AS FOR FEARS of a flu pandemic developing in Mexico and then spreading north, the CDC’s Waterman says that’s not a likely scenario. Especially if the current avian strain mutates and becomes a human epidemic, Waterman says, “it’s much more likely to be introduced on a plane flight from Asia than it is from a commuter in Mexico.”
But “Shared Destiny” coauthors Kly and Bach found considerably more reason to be concerned. The authors write, “Pandemic flu, which could cause nearly 40 percent of the region’s workforce to remain at home and kill hundreds of thousands, represents perhaps the most plausible, catastrophic cross-border risk.”
Kly says the San Diego–Baja California region is particularly vulnerable to the spread of avian flu because of substandard living conditions, especially in Tijuana, where humans and chickens live in close proximity. Mexican communities on both sides of the border raise chickens for consumption, and many households own caged birds and roosters for cockfighting, the authors say.

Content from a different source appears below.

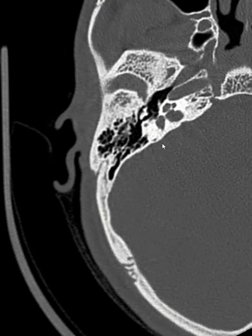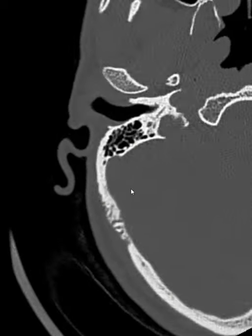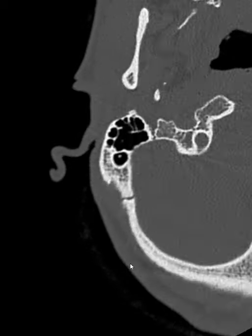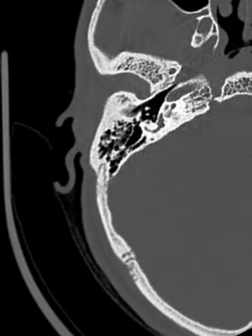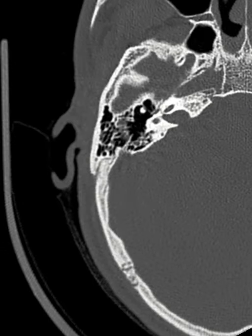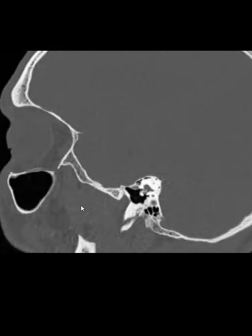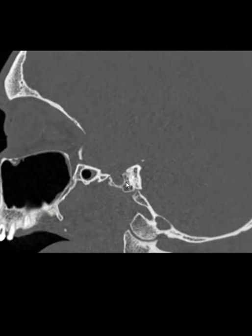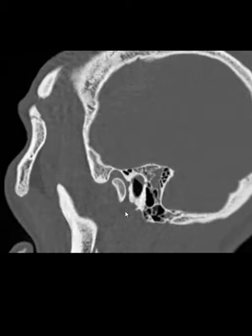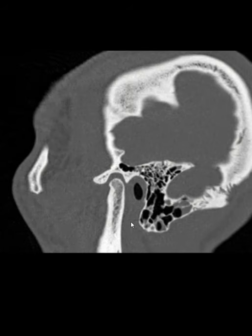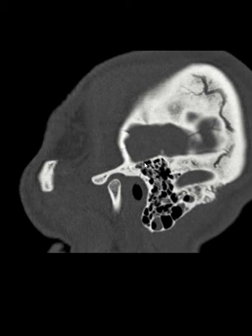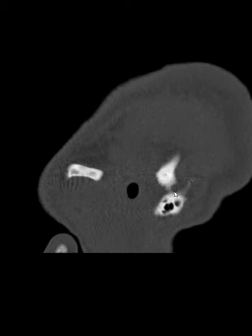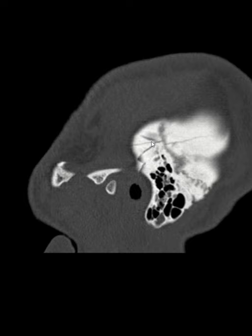The comparison with the normal right side shows exactly how it would look normally. There is no fracture line, the ear canal is normal, and there is no blood. That highlights the contrast with the injured left side.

The CDC now monitors influenza at the border in San Ysidro, and the United States is working with Mexico and Canada to plan a response directed at pandemics and influenza through the Security and Prosperity Partnership of North America. In the event a dangerous influenza strain appears in Mexico before the United States, Waterman says, “Closing the border isn’t a realistic option, but we do need a plan to minimize movement of the virus across borders, and to coordinate our efforts to track disease and use quarantine policies.”
Controlling infectious disease and its potential spread across the border requires a binational effort, experts say. Healthcare in the San Diego border region is “in such disarray, and health conditions so dismal for so many, that even a willingness to spend more money on health would be counterproductive,” write Kly and Bach in their report—unless community leaders on both sides of the border start working together.